Quien llevaba adelante la entrevista apretó el gatillo soltando lo conocido por todos, es decir, increpando acerca de las armas de destrucción masiva en Irak (excusa para atacar a ese país), dando a entender que tales armas como que no existen. El señor Bush, de inmediato, afiló la lengua para responder, muy orondo, que Hussein fuera del poder es mejor para los Estados Unidos y para el mundo (cosa, por cierto, con la que estoy de acuerdo). Pero ése no era el punto, y hasta ahí llegó la osadía de la periodista. Con tal respuesta a lo Hugo Chávez míster Bush creyó comérsela, mientras la mujer no fue capaz de agarrar al toro por los cuernos y con inteligencia, tacto y destreza plantarlo ante quien tiene muchísimo que responder. Powell lo indicó tajantemente ante la ONU, Bush lo manifestó en alocuciones a la nación, ambos sostuvieron, lo cual resultó un engaño flagrante a la luz del presente, que en Irak existían laboratorios móviles, que ahí se manejaba uranio (material imprescindible para trabajar con armamento prohibido). Hasta la fecha, claro, nada se ha encontrado.

Míster Bush actuó como Chávez cuando mete embuste, y hay que ver que de falsedades e imposturas el de Sabaneta puede enseñar a cualquiera.
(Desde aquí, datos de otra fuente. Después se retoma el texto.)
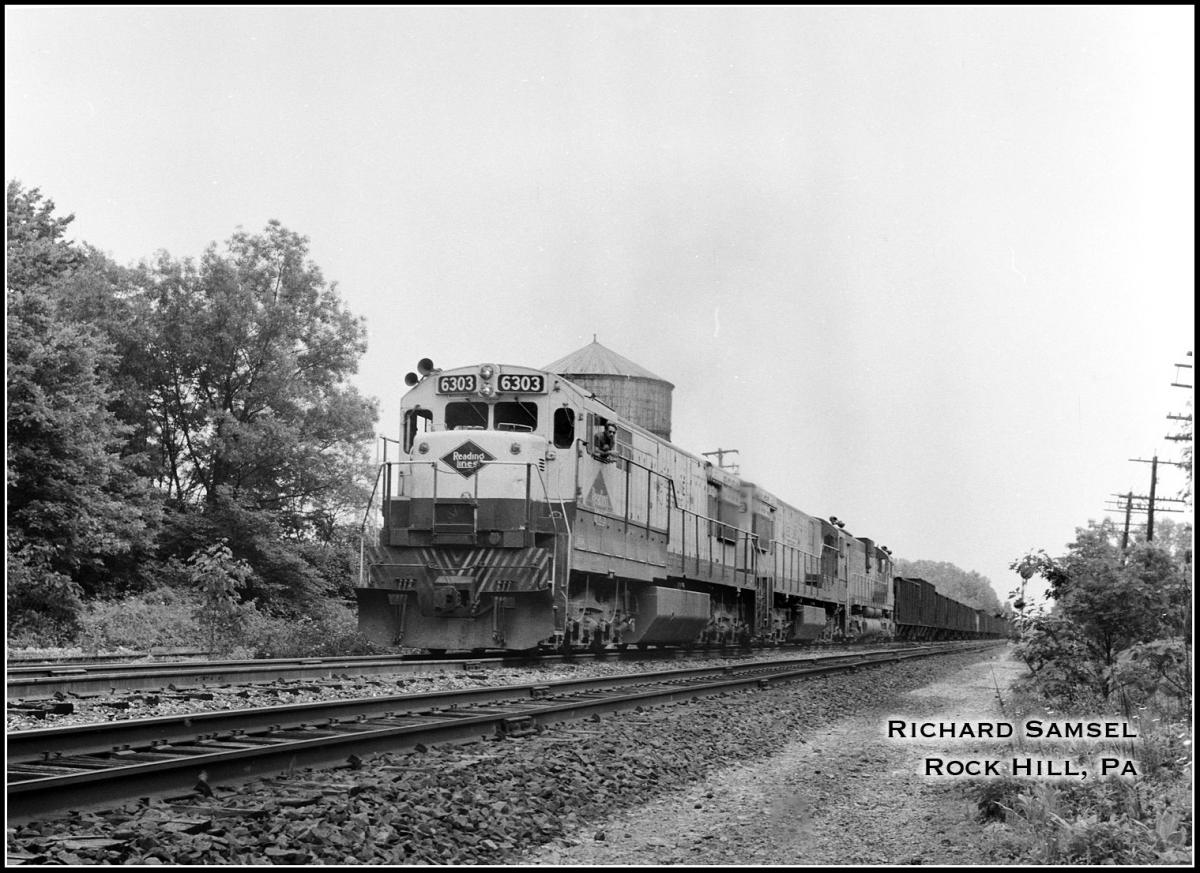 Reading GE U30C 6303 at Rock Hill, PA - ARHS Digital Archive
Nadie niega que Saddam Hussein es un sátrapa despreciable que jamás debió acceder al poder en su país, que llevó a su pueblo por sendas de miseria, desesperanza, sangre y abyección, tal como ha ocurrido con un Fidel Castro, por ejemplo, sólo para mencionar el ejemplo que tenemos en las narices. Pero de ahí a arremeter como en el viejo Oeste, a llevar a la práctica empresas por encima del visto bueno de instituciones como Naciones Unidas, perdónenme, pero hay que ser un caradura tan grande como un templo.

En fin, que Bush ofrecía idéntico rictus, casi la misma sonrisa de satisfacción que saca a relucir el Chávez a quien se pareció tanto en ese instante de maniobra politiquera. Míster Bush, ante la interrogante de la guerra, terminó afirmando, tranquilo y feliz, que lo realizado por los Estados Unidos de Norteamérica (y de tal cosa estaba muy seguro, según dijo) era lo correcto. Así de simple y así de escueto. Los argumentos no estuvieron, todo análisis huyó con el rabo entre las piernas.
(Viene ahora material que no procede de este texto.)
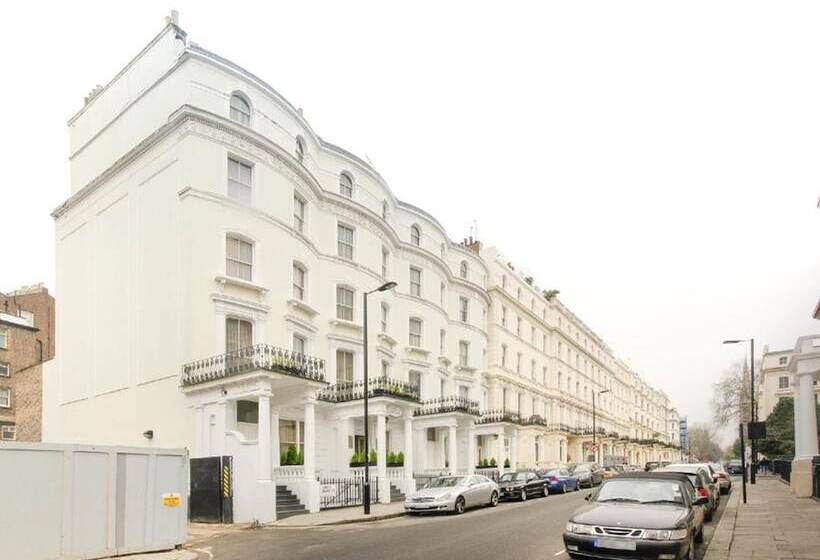 هتل The Royale Chulan Hyde Park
A esas alturas, y ya con una bolsa de cotufas entre manos (no era para menos, tomé el asunto como obra de fición, como una “película” más, como una copia igual de mala que el hilarante “Aló, Presidente”) mis neuronas no tuvieron otra que compararlo, aunque toda comparación resulte odiosa, con el “demócrata” de aquí. Bush, cual Chávez hablando inglés, bromeó ante la periodista, hizo muecas, soltó de lo lindo unas cuantas carcajadas, y por un momento pensé que llegaría a pedir un cafecito, enviarle un saludo al señor Reigh (o nada más que a Otto) y que sus próximas palabras serían para colar algún episodio, de muy tierna recordación, allá en tierras de la vaquera Texas.

Ni modo, a Chávez le salió imitador (y viceversa, quién sabe). Lo cierto es que tanta payasada, la de allá y la de aquí, tiene en común un chamuscado parecido, muestra el oscuro recurso de quien se sabe al descampado e intenta guarecerse a como dé lugar. Después de todo, aquello de que un chavista podría llegar a la Casa Blanca no luce ya tan descocado, aunque un descocado lo haya sugerido, en cadena, y con la misma sonrisita de autosuficiencia, de mira que me la comí, que de seguro es aportada por los nervios, por el litio, o vaya usted a saber por cuáles designios insondables.

El otro Chávez sí que ha hecho bien su trabajo. De embusteros talla grande y estadistas de tercera teníamos bastante. La lista continúa en aumento.